**GIVEN MATERIAL**
+ + +
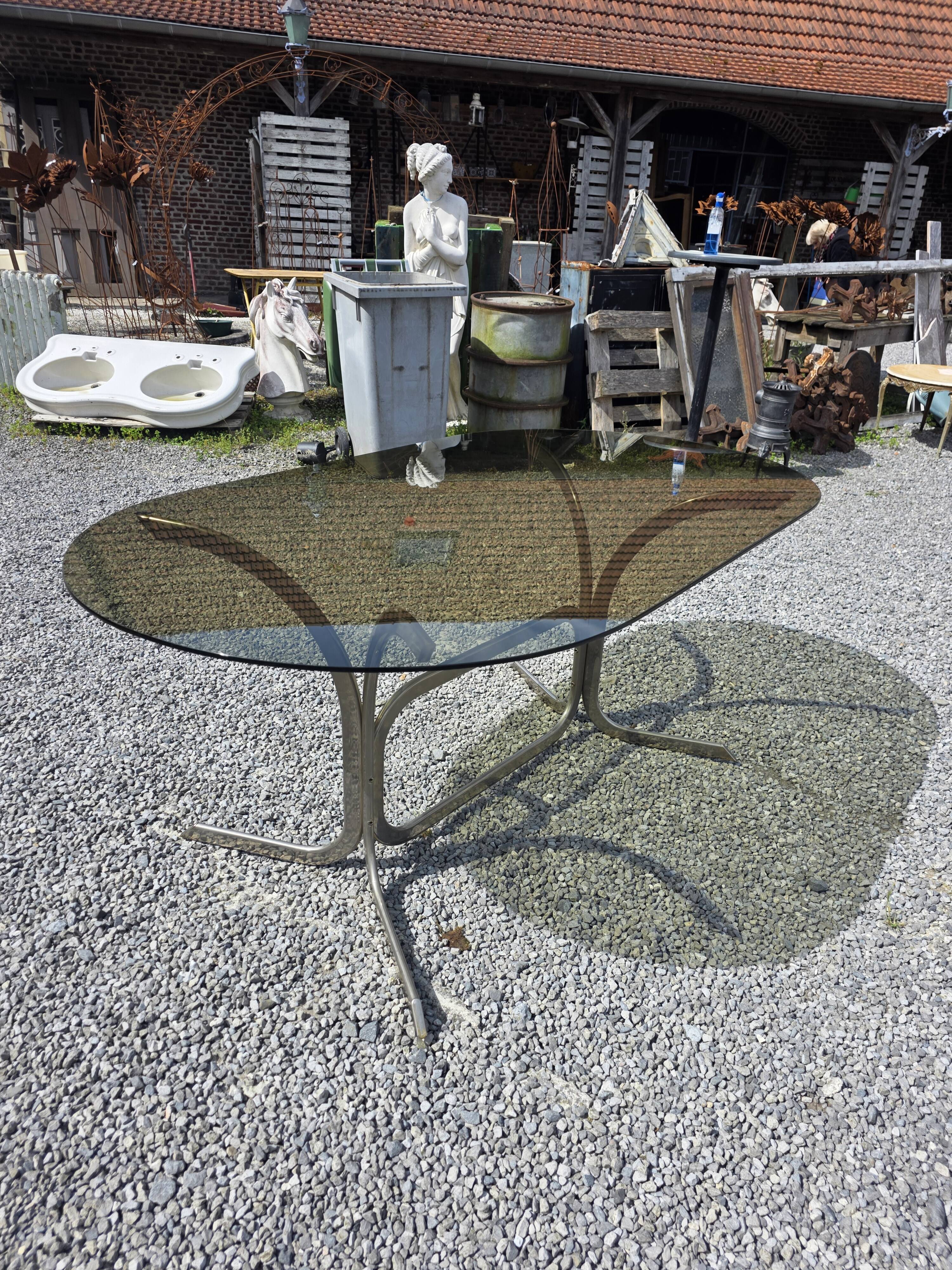 Silver metal table with smoked glass top from the 1970s.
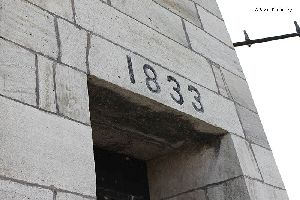 The 1833 engraving over the entrance to the tower.
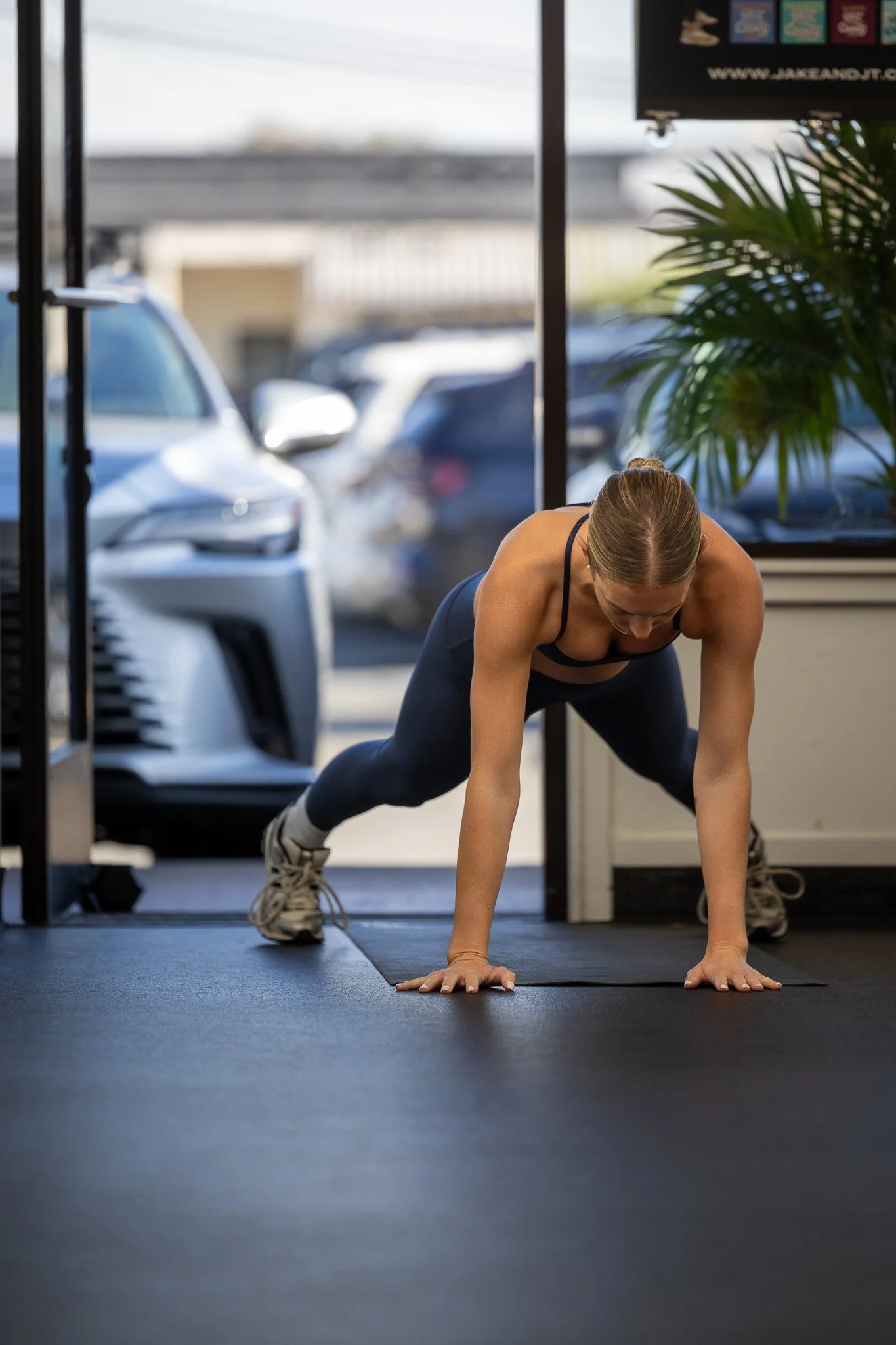 A woman in athletic clothing doing a plank exercise on a black mat inside a gym.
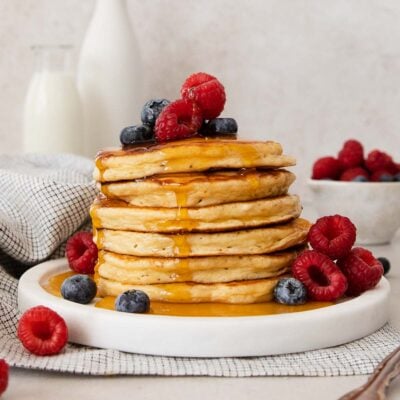 a stack of cottage cheese pancakes with berries and syrup.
+ + +
**AIM OF THE EXERCISE**
Copy nothing but the lines from the one containing "A woman in athletic" through the last line of the listing above, transcribed exactly and with no pictures.

**YOUR SOLUTION**
 A woman in athletic clothing doing a plank exercise on a black mat inside a gym.
 a stack of cottage cheese pancakes with berries and syrup.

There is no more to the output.